Krizin Türkiye’de diğer birçok ülkeye göre daha az olumsuz etkisi olduğunu, bunun bugüne kadar gerçekleştirilen yapısal değişikliklerden kaynaklandığını, krizin özellikle dar gelirliler üzerindeki etkisini en az düzeyde tutmaya çalıştıklarını kaydeden Erdoğan, “Tüm bu başarıları hükümetimizi övmek adına değil, ülkemizi ve ülkemizin potansiyelini övmek adına dikkatlerinize sunmak istiyorum. Türkiye potansiyelini açığa çıkartan, gücünü ortaya koyabilen, her türlü zenginliği, hem kendisi hem de bölgesi için bir istikrar unsuru haline getirebilen bir ülke olma yolunda ilerlemeye devam ediyor” diye konuştu.
Başbakan Erdoğan, sadece nisan ayında Pakistan ve Afganistan’la birlikte İstanbul’da üçlü zirveyi yaptıklarını, Londra’da yapılan G-20 zirvesinde ekonomik krizi görüştüklerini, yeni tedbirlerle ilgili kararlar aldıklarını ve Medeniyetler Forumunun ikincisini İstanbul’da yaptıklarını ve ABD Başkanı Barack Obama’yı Ankara ve İstanbul’da ağırladıklarını hatırlatarak, Türkiye’den tüm dünyaya etkili ve anlamlı mesajlar verdiklerini kaydetti.
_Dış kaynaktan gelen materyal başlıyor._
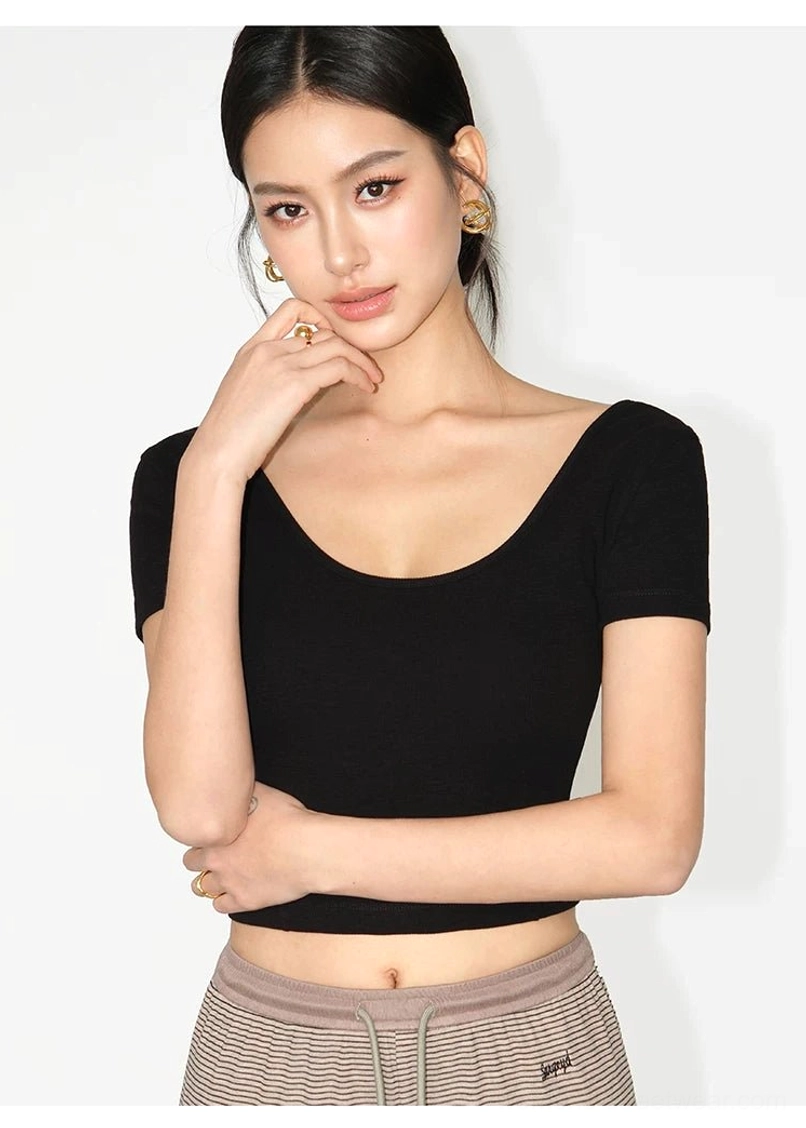 Women's slim fit square neck crop top in soft ribbed knit designed for high waisted streetwear outfits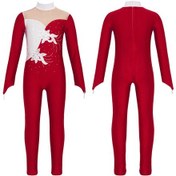 Resim Bordo Çocuk Kız Pırıltılı Payetli Aplike Rhinestone Unitard Uzun Kollu Tulum Artistik Patinaj Akrobasi Jimnastik Bordo 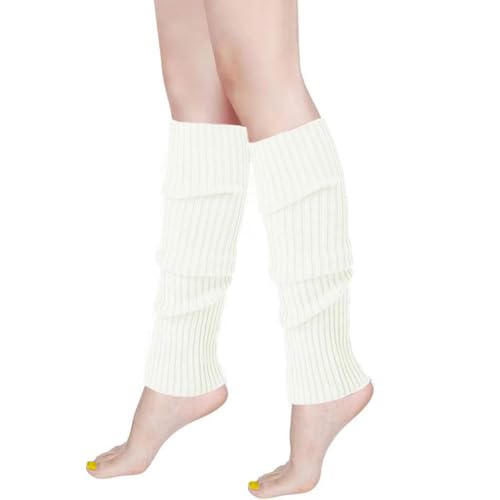 Image of FZBNSRKO Women Girls 80s Knit Leg Warmers Ribbed Long Leg Warmers for Party Sports Accessories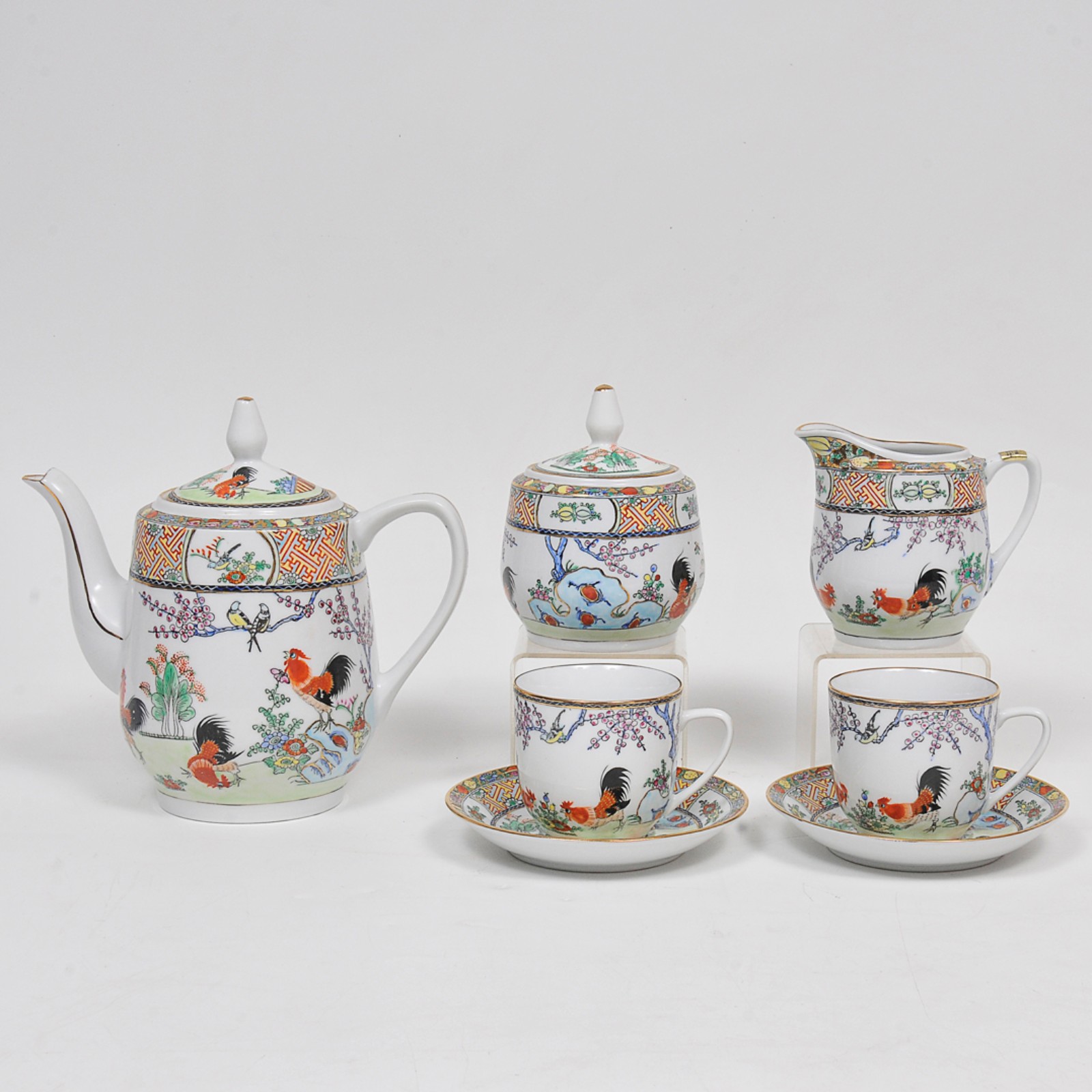 Aparelho de chá em porcelana chinesa pintada a mão decorada com Aves... - foto 1 de 4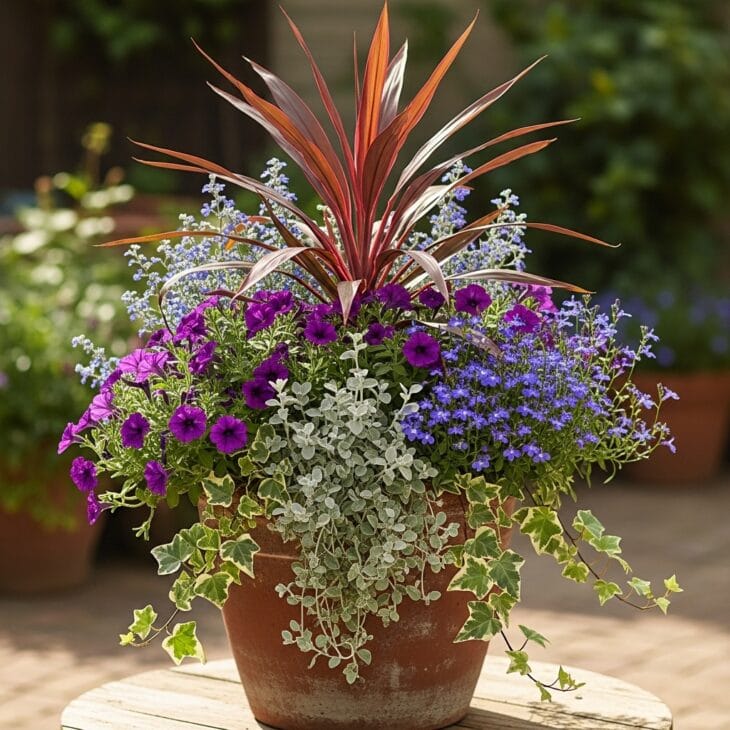 Container planted with the thriller, filler, spiller formula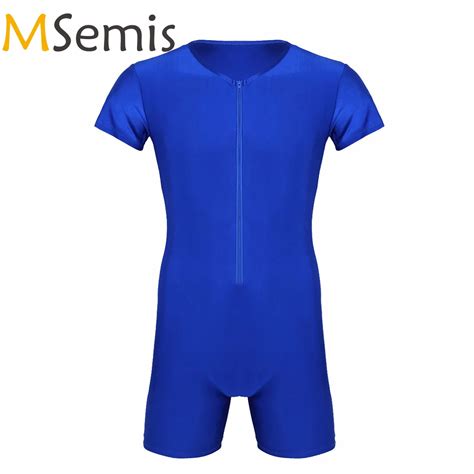 Msemis Mens Bodysuit Leotard Wrestling Singlet Zipper Boxer Thong Body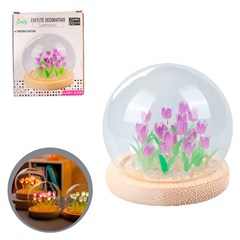 Enf cupula red c/flores e leds madeira 8cm dt25553  cx:048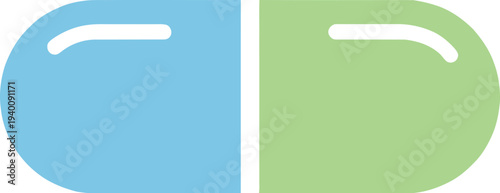 Modern pill icon with blue and green halves on gradient background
Dünyadaki tüm ülkelerle temas ve görüşmelerini yoğun şekilde sürdürmeye devam ettiklerini belirten Başbakan Erdoğan, “Tüm bunlar Türkiye’nin rutin dış politika görüşmeleri değil. Tüm bunlar bu temaslar, bu ziyaretler dünyada gücünü ve etkinliğini artıran, saygınlığını artıran bir ülkenin, Türkiye’nin yeni durumuna işaret eden gelişmelerdir. Burası çok önemli. Türkiye istikrarlı oldukça, Türkiye güven zemininde ilerlemeye devam ettikçe her anlamda bugün bulunduğumuz seviyelerden çok daha yüksek seviyeleri yakalayabilecektir” diye konuştu.
Toplantıya, Türkiye’nin Berlin Büyükelçisi Ahmet Acet ve Hannover Başkonsolosu Aydın İlhan Durusoy da katıldı.